A four-week online mindfulness meditation program reportedly raised heart rate variability (HRV) during a standardized laboratory stress-to-meditation sequence, a medRxiv preprint posted August 19, 2025 reports. The trial randomized participants into three arms - meditation, running, and control - with 140 people enrolled at the start (meditation n = 23; running n = 57; control n = 60), and used wearable sensors and experience sampling to capture physiological and self-reported stress data.

Study procedures recorded physiological data from smartwatches, self-reported stress via the experience sampling method, and questionnaire responses using the research team’s UTracker app, which the preprint says leverages Garmin devices. The meditation group additionally had meditation start and end times logged; the preprint excerpt also notes selection criteria that included consuming alcohol fewer than four times per week and less than 100 grams per drink.

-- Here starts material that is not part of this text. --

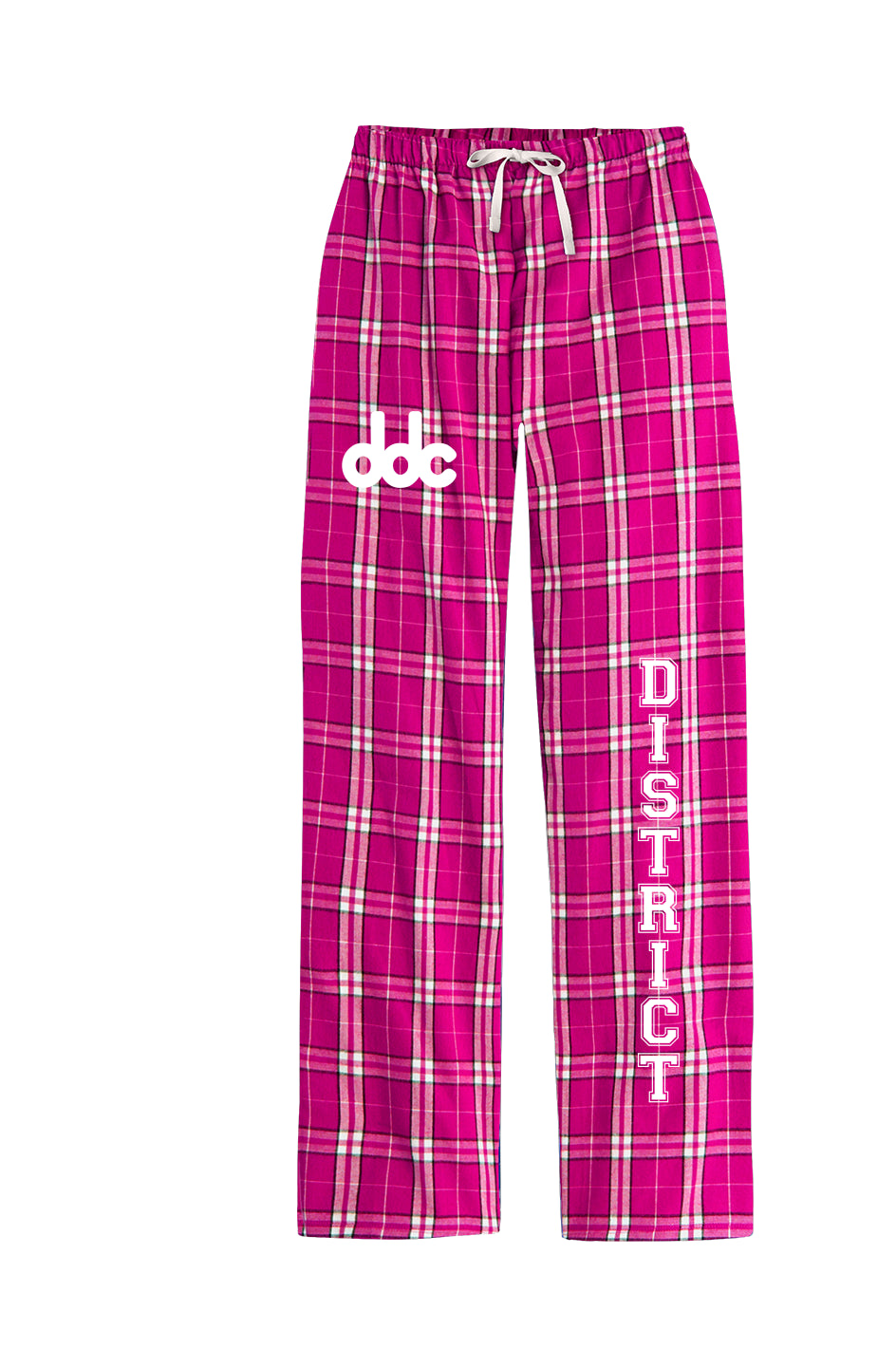 Womens Flannel Plaid Pant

The authors present the primary physiological claim as measurable changes in autonomic regulation specifically in HRV during the lab stress-to-meditation protocol, but the supplied excerpt does not include numeric HRV effect sizes, p-values, or the HRV parameter breakdown. The preprint includes the cautionary medRxiv notice: “NOTE: This preprint reports new research that has not been certified by peer review and should not be used to guide clinical practice.” The medRxiv material also states the posting is under a CC-BY-NC-ND 4.0 International license and lists trial registration as “Not applicable” in the excerpt.

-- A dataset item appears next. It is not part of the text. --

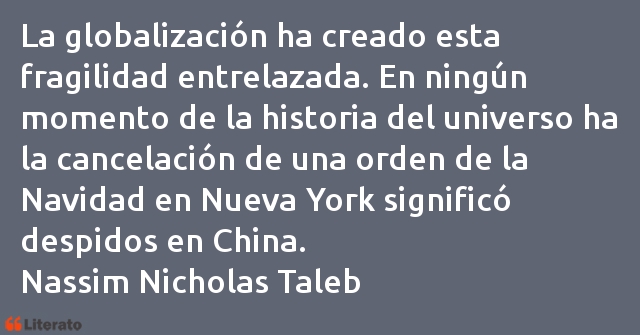 Frases de Nassim Nicholas Taleb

The preprint situates its findings amid a modest but growing HRV-mindfulness literature. The compiled notes cite Krygier et al. 2013, which found intensive Vipassana improved HRV during practice and at one-week post-retreat, and Kirk and Axelson 2020, a 10-day online intervention that reported enhanced HRV during mindfulness practice. Scholar Utc notes a four-week in-person intervention reported increased resting baseline HRV in Shearer et al., 2016. A literature search quoted from Ijpmbs found 59 PubMed papers in the past decade using the keywords mindfulness and heart rate variability, with 18 focused on HRV observations during or after mindfulness training, and indicates some long-term HRV studies reported significant pNN50 increases.

AI-generated illustration
AI-generated illustration

Key methodological details remain to be confirmed from the full preprint: the HRV acquisition method (ECG versus photoplethysmography from smartwatch), sampling rates and artifact correction, exact HRV metrics reported (RMSSD, SDNN, LF, HF, pNN50), the laboratory stress induction protocol, and dropout or adverse effect figures. The medRxiv excerpt includes a fragmented DOI string and truncated method text; obtaining the full medRxiv PDF is necessary to extract numeric results and the trial’s full methods and author affiliations.

For mindfulness practitioners and community teachers interested in physiological markers, this randomized online trial adds to prior signals that web-based programs can affect autonomic measures, but the preprint status and missing numeric details mean the result should be viewed as preliminary until peer review and full methods are available.